[[ Supplied material open ]]
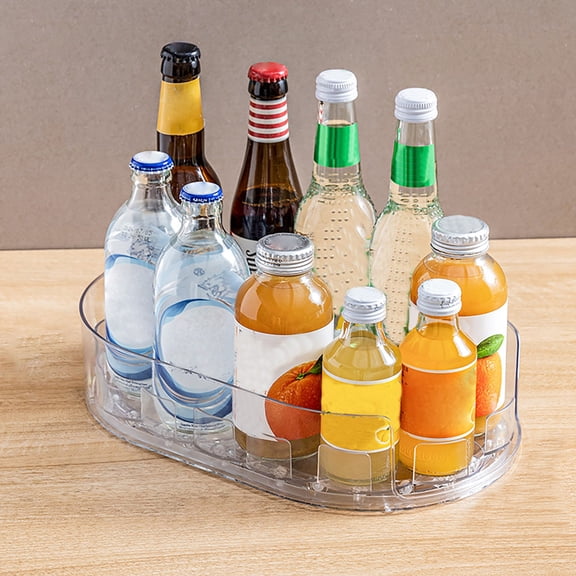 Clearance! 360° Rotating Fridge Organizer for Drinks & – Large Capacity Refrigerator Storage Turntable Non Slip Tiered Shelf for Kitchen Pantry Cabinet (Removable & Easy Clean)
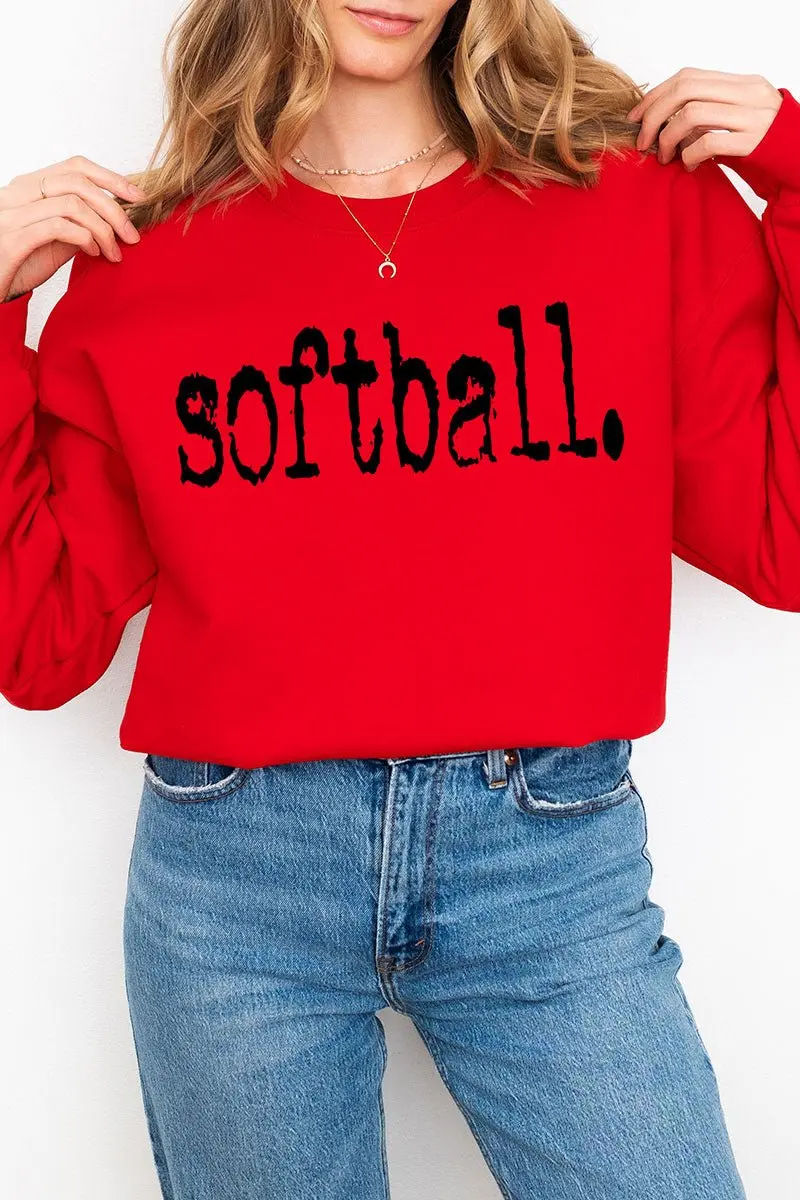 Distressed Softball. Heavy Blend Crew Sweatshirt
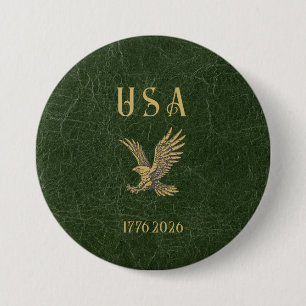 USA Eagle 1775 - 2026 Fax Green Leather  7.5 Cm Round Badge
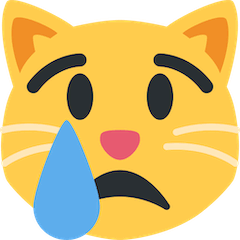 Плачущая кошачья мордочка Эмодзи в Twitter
[[ Supplied material closed ]]
* **Task instructions**: From the line containing "Distressed Softball. Heavy" to the final line above, both included, transcribe every line exactly and leave all pictures out.

* **Written solution**:
 Distressed Softball. Heavy Blend Crew Sweatshirt
 USA Eagle 1775 - 2026 Fax Green Leather  7.5 Cm Round Badge
 Плачущая кошачья мордочка Эмодзи в Twitter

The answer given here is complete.